Private domestic holdings of credit instruments are partly in the portfolios of intermediaries (series X 82), and the volume of intermediation is a strong influence on the forms of credit supply. Intermediaries held far more, proportionately, in direct loans to business and housing than nonfinancial investors, whose portfolios of direct credit instruments consist mainly of securities issued in public markets. Hence a period of large credit flows through intermediaries is typically also a period when loan volume is large compared with net new security issues. Intermediary credit supply is heavily dependent on domestic deposit flows to banks and savings institutions, although these institutions also borrow directly in credit markets or from foreign sources to some extent. The relative importance of sources of intermediary funds is indicated in series X 87-93.

Direct lending in credit markets from nonfinancial groups in the private economy (series X 94) exhausts the total of credit outstanding, where, at this level, the total includes borrowing by public credit agencies (series X 74) and private intermediaries (series X 88) as well as nonfinancial sectors (series X 64). For these nonfinancial investors, credit instruments are part of a portfolio that includes deposits at intermediaries that appear earlier as sources of intermediary lending (series X 87).
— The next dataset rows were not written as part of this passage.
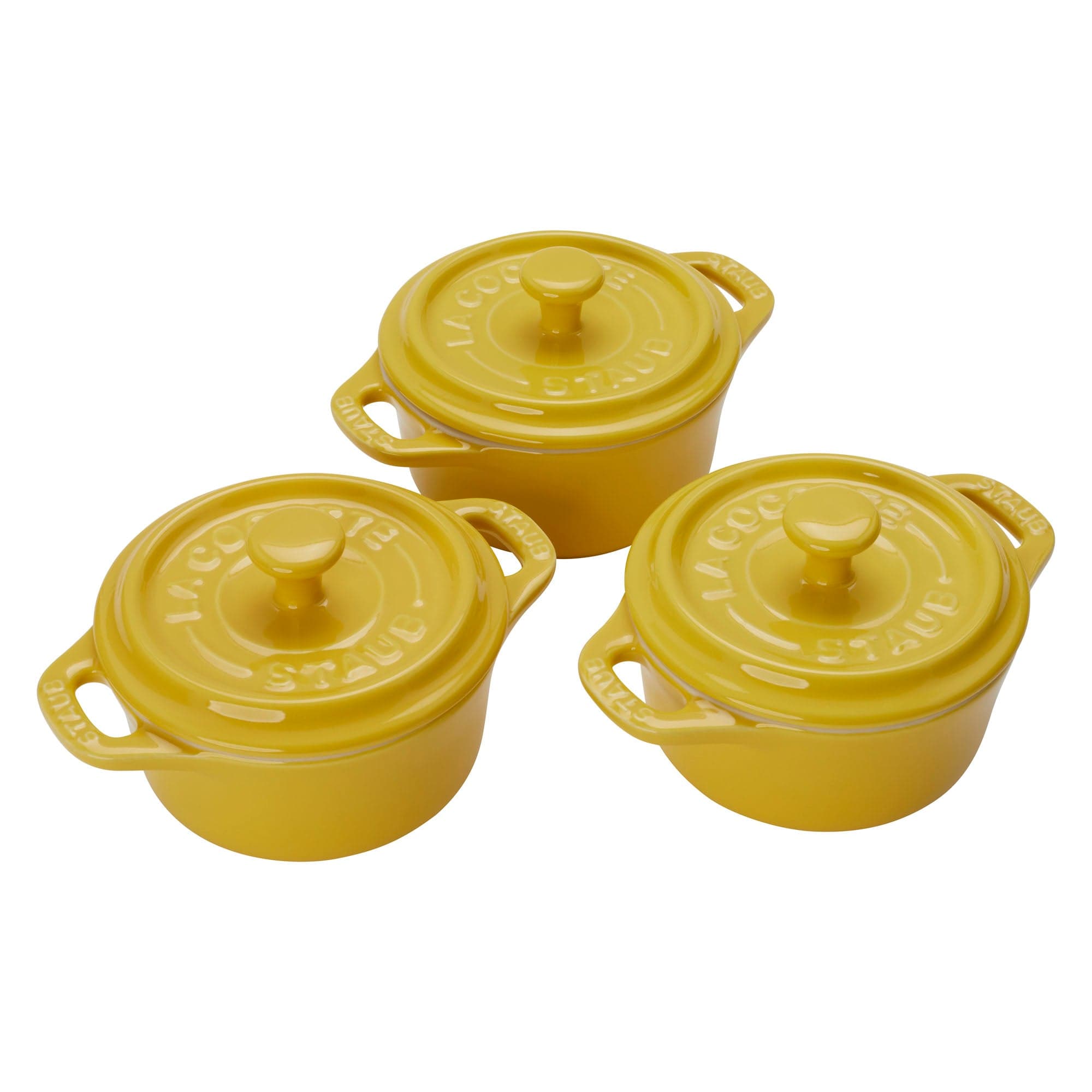 Staub Ceramic 3-pc Mini Round Cocotte Set - Citron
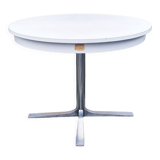 Round table in white formica, retractable, vintage, Collomb creation, 70s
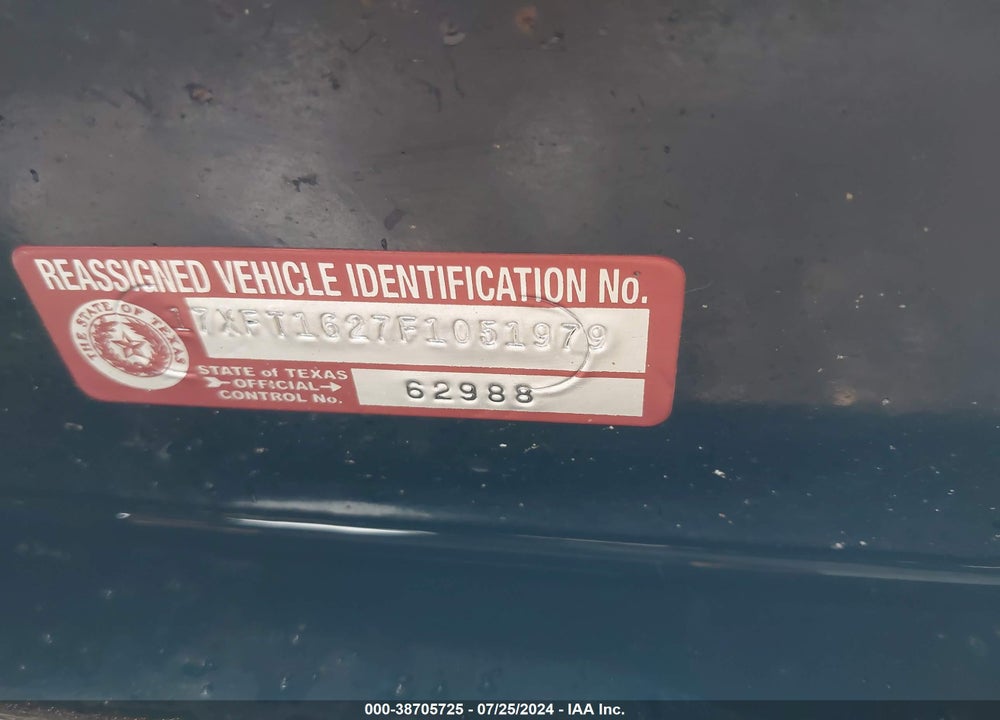 2015 TEXAS BRAGG ENTERPRISES --- VIN: 17XFT1627F1051979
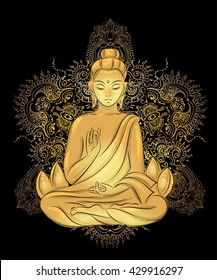 Buddha sitting in the lotus position with an illuminated face on the background of the mandala. Buddha Purnima Background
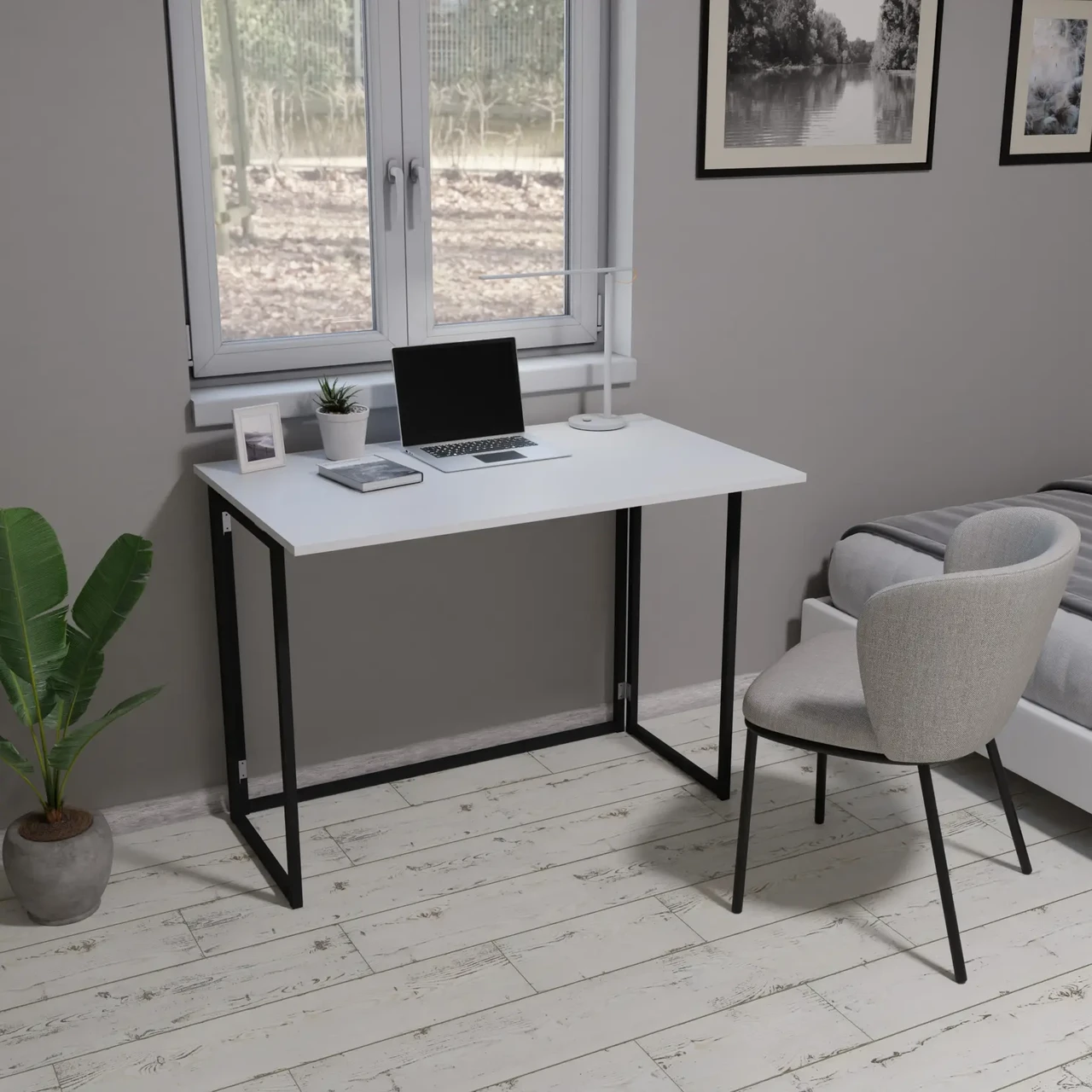 Письмовий стіл-трансформер МОБІЛ Neman, колір білий/чорний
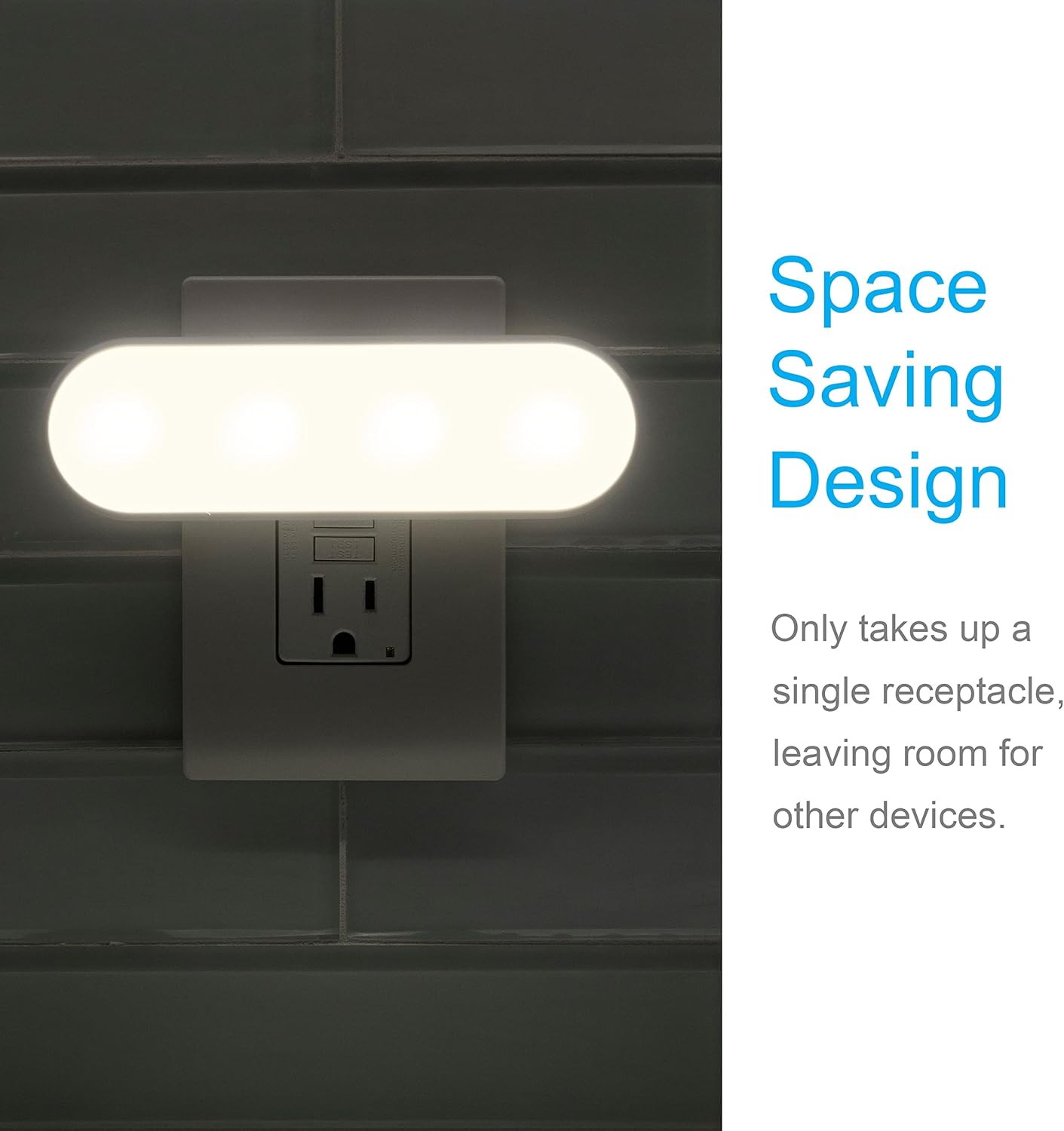 GE Ultrabrite LED Night Light Bar, 100 Lumens, 4 Pack, Dusk-to-Dawn Sensor, Auto/On/Off Switch, Plug-in, Ideal for Bedroom, Bathroom, Kitchen, Hallway, Garage - White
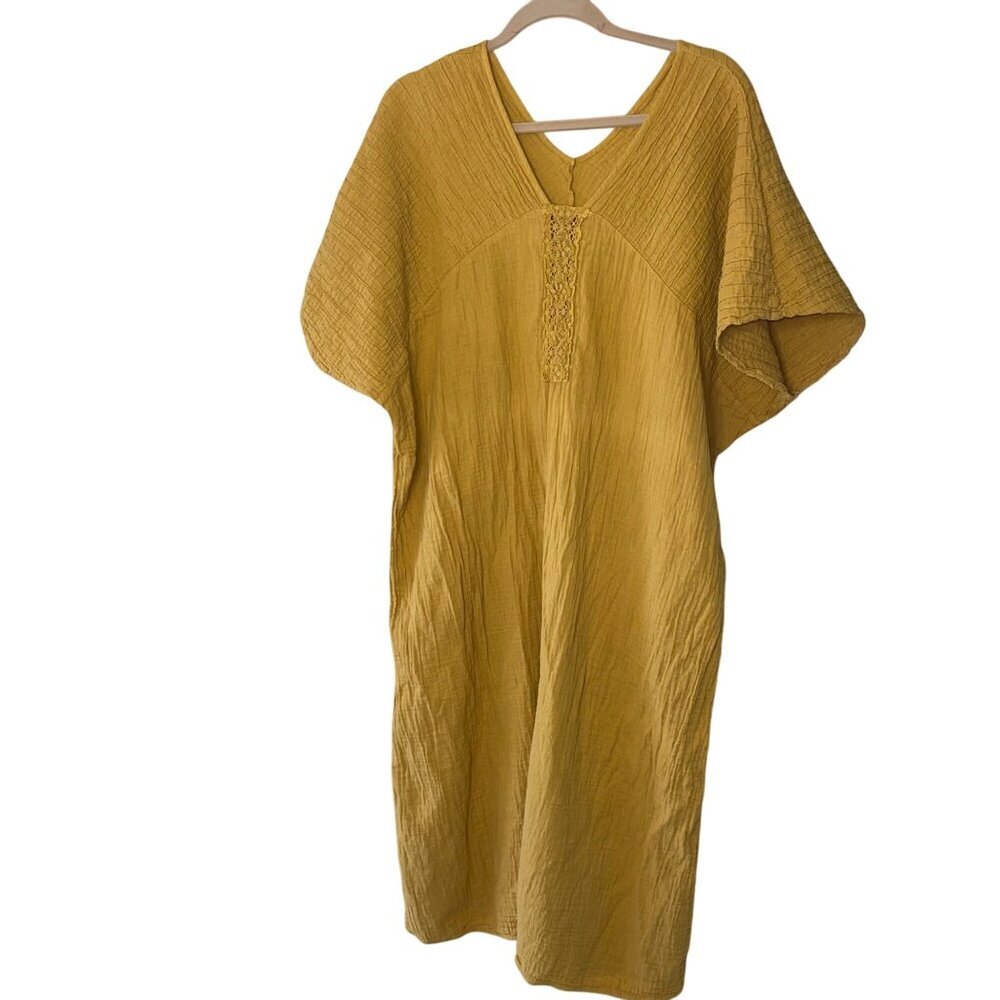 Nuichan Womens Dress One Size Yellow Caftan Maxi V Neck Casual Cotton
As private assets the deposits are shown beyond credit instrument holdings, together with currency claims on the Federal Reserve. A total portfolio of securities and deposits (series X 105) for private domestic nonfinancial investors appears at the end of this set of assets.

Corporate equity markets (series X 109-113) are excluded entirely from the preceding series on credit market instruments. Holding of equities are stated at year-end market values, and movements in holdings reflect to a large extent capital gains and losses, whether realized or unrealized, that result from market price movements.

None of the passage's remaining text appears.